We think ourselves pretty knowledgeable when it comes to recycling. After all, we dutifully check the numbers on every plastic product in the kitchen, throwing recyclables into a special bin for curbside pickup. We throw our paper and glass products in with the plastics as well. But guess what? Curbside recycling hardly constitutes the entire recycling paradigm. There is a lot more to it than that.

We can break recycling efforts down into three categories: personal recycling, curbside recycling, and commercial recycling. All three have one thing in common: they seek to find new uses for waste materials rather than sending those materials to a landfill. But do all three types of recycling achieve the same result? No. The results are different across the board.

  • 1. Personal Recycling

Personal recycling might be the most prevalent of all despite the fact that we don’t always recognize it. How does it work? You engage in personal recycling every time you reuse something that would otherwise be thrown away. There are an unlimited number of examples to cite; here are just two:

  • Food Containers – Most of us buy food products that come in plastic containers. Rather than throwing those containers away, we use them to store leftovers in the fridge. We might use them to store other things like thumbtacks, nuts and bolts, etc.

  • Shipping Materials – Every time we order something online, it is delivered with shipping materials included. A lot of us don’t throw those shipping materials away. We save them and use them for our own shipping needs.

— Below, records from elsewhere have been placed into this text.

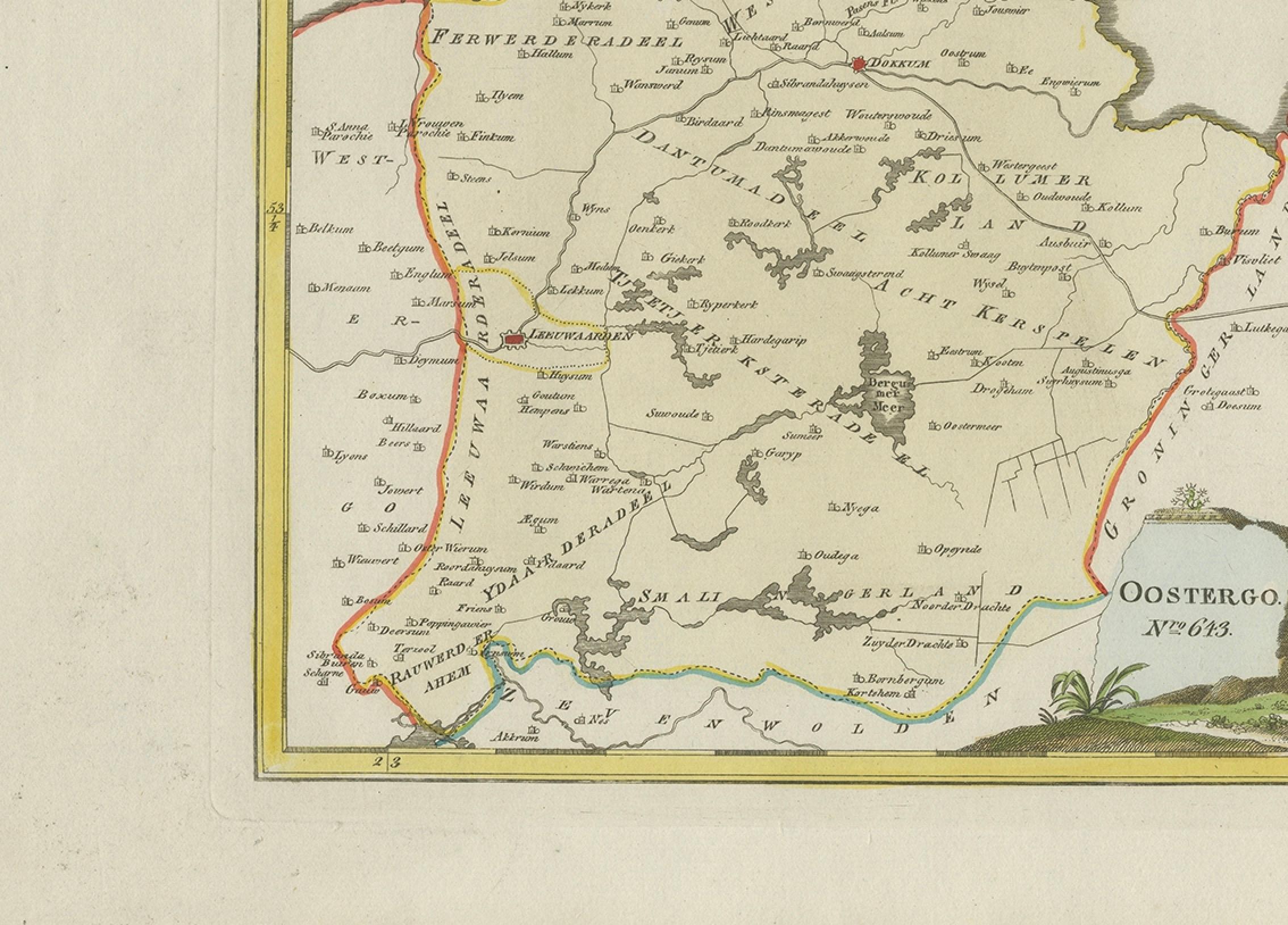 Austrian Antique Map of Oostergo, Friesland, by Von Reilly, 1791 For Sale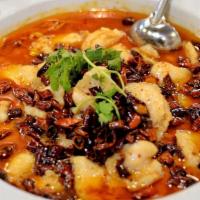 Boiled Fish Filets With Bean Sprouts In Hot Chili Oil 沸腾鱼片 · Spicy.
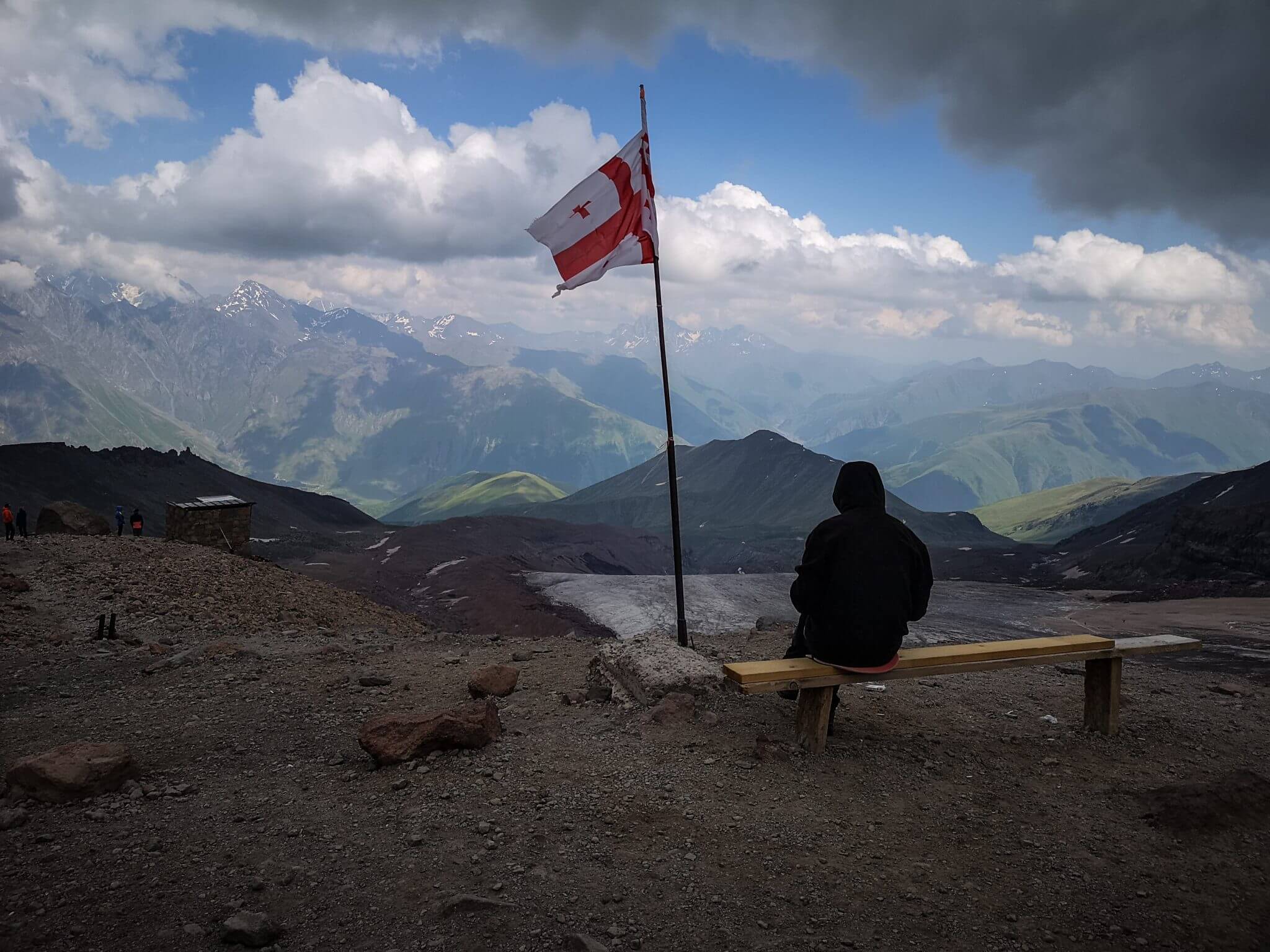 georgian flag looking-greater caucasus mountains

You might consider these two examples more repurposing than recycling. That’s fine. Repurposing is not a separate entity unto itself. It is a form of recycling that almost all of us engage in. The result is fewer materials thrown into landfills and less money spent on new materials. We all practice it because we are incentivized to do so. We do it because we get something out of it.

  • 2. Curbside Recycling

Curbside recycling is generally considered involuntary. If the local government didn’t require it, most of us wouldn’t bother. That said, curbside recycling seeks to keep paper, glass, and certain types of plastics out of landfills. It is a noble cause, but it rarely works – at least where plastic is concerned.

The main concern with municipal recycling is the cost. It is a very labor-intensive enterprise that rarely returns a profit. In fact, most municipalities lose a considerable amount of money on recycling efforts every year. It is a drain on the budget. Unfortunately, the result is that most recyclables end up in landfills anyway.

  • 3. Commercial Recycling

Commercial recycling is a business enterprise engaged in by companies like Tennessee’s Seraphim Plastics. Serving seven states including Arkansas, Kentucky and Missouri, Seraphim acquires and processes a variety of commercial plastics. They sell the recycled material to manufacturers who combine it with virgin plastic to create a lengthy list of products.

The results of commercial recycling are generally positive. Companies like Seraphim make a good profit. Meanwhile, they help control the cost of plastic manufacturing by supplementing material supply. Best of all, they keep commercial plastic waste out of landfills.

Both personal and commercial recycling work. Curbside recycling does not. What is the difference? Motive. If municipalities would turn over their recycling efforts to private operators and then not interfere with how they do business, the results would be drastically different. But do not hold your breath. I’s not likely to happen. Curbside recycling is a political enterprise. It is destined to continue despite being a losing proposition.